▶ [What is required]: Everything from the line with "A Navy Casual" to the end of the data below, both lines included, should be transcribed exactly; please omit the pictures.

▶ [Supplied entries]:
______________________________

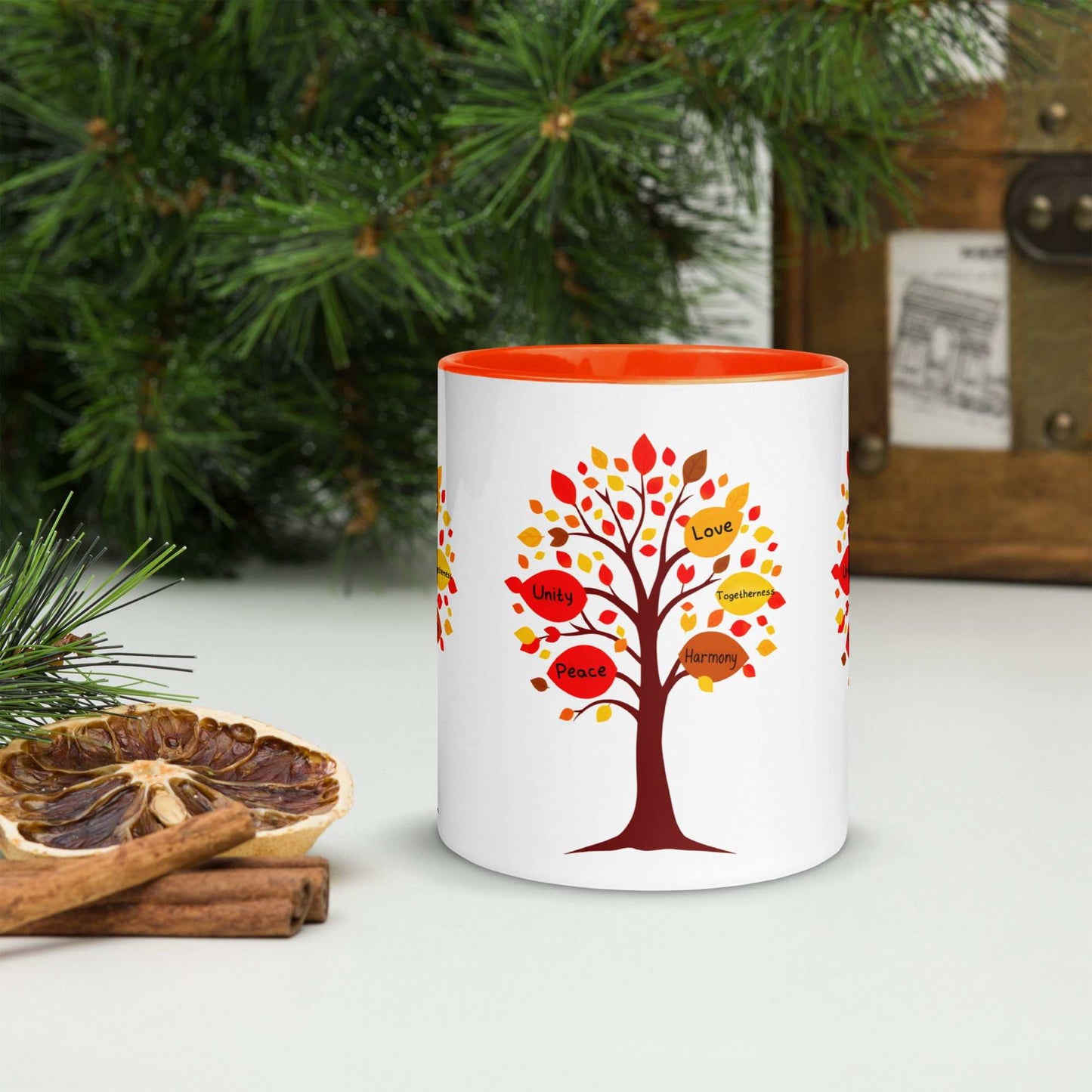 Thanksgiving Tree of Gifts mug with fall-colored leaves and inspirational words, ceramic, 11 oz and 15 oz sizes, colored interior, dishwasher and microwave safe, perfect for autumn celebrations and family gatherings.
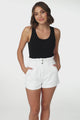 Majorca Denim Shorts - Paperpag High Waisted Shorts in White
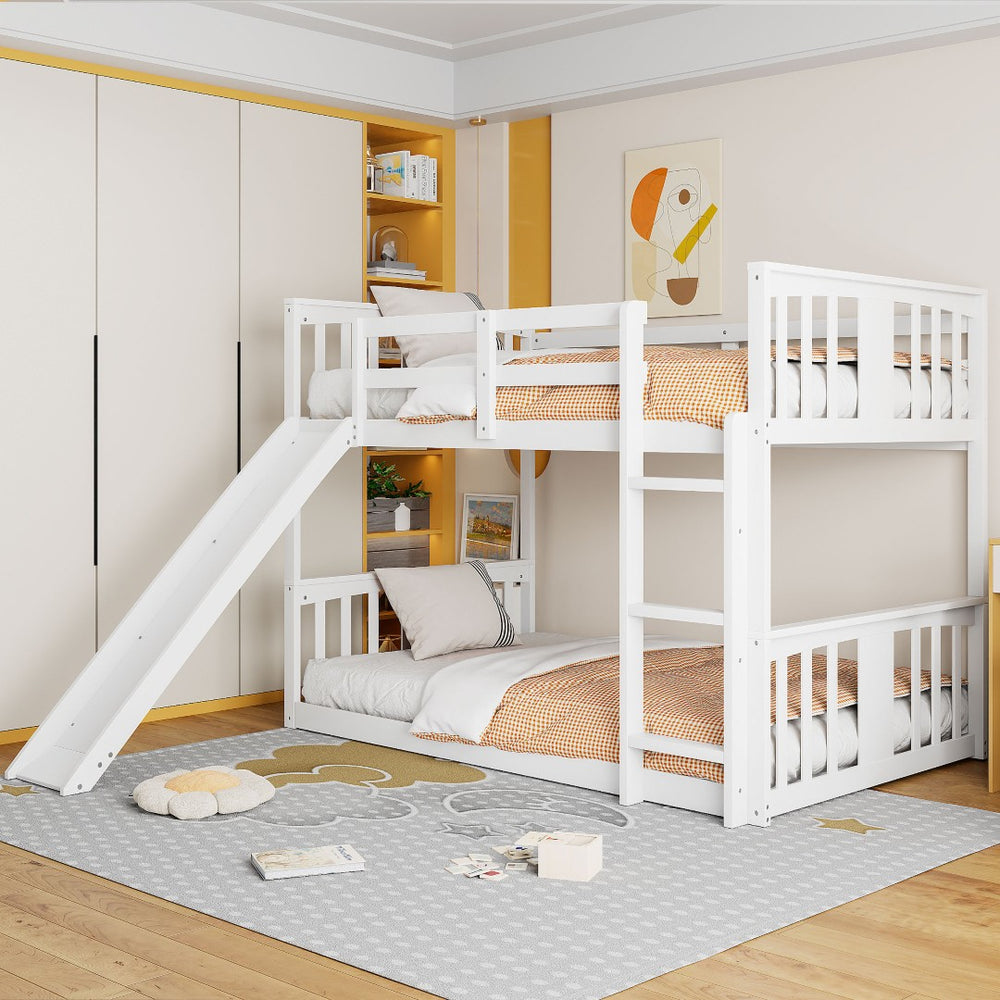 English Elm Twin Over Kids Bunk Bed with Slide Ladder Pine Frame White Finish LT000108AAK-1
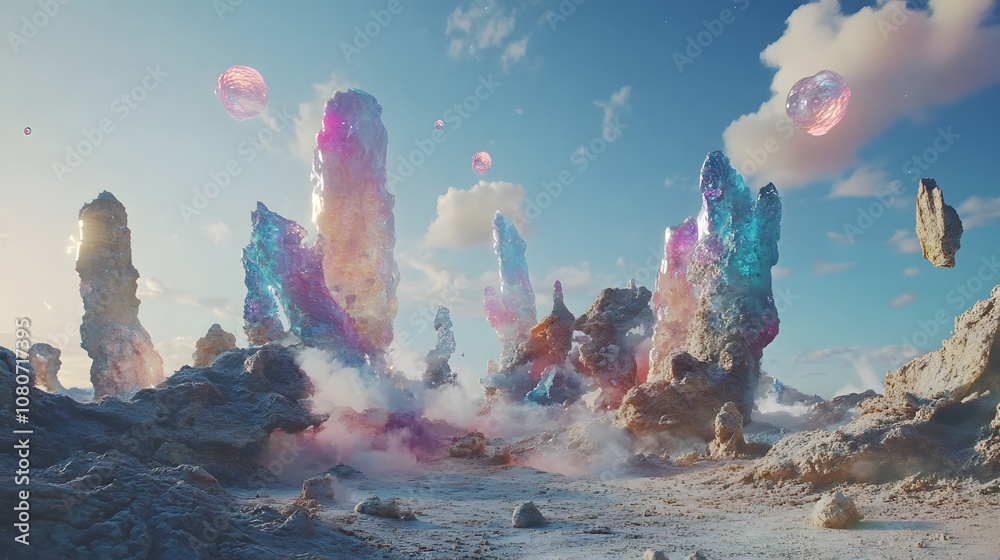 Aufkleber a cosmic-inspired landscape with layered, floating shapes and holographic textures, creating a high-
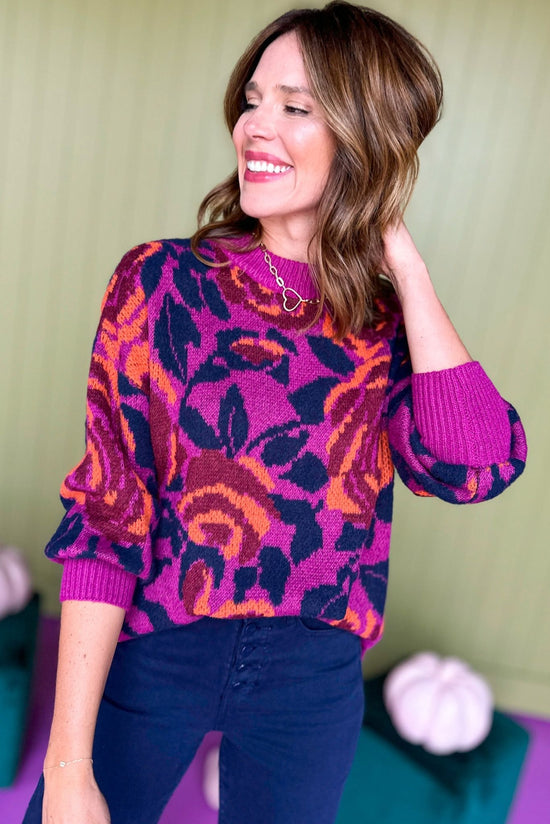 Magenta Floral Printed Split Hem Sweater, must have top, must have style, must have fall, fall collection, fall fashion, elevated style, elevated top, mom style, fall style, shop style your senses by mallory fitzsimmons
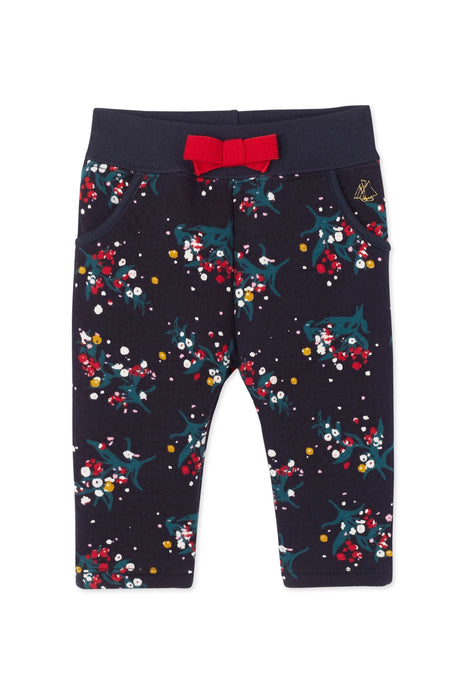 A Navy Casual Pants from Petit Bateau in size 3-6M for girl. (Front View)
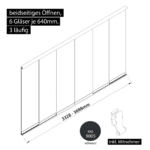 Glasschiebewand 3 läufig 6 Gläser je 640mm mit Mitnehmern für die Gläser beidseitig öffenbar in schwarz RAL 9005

______________________________

▶ [Response box]:
 A Navy Casual Pants from Petit Bateau in size 3-6M for girl. (Front View)
 Glasschiebewand 3 läufig 6 Gläser je 640mm mit Mitnehmern für die Gläser beidseitig öffenbar in schwarz RAL 9005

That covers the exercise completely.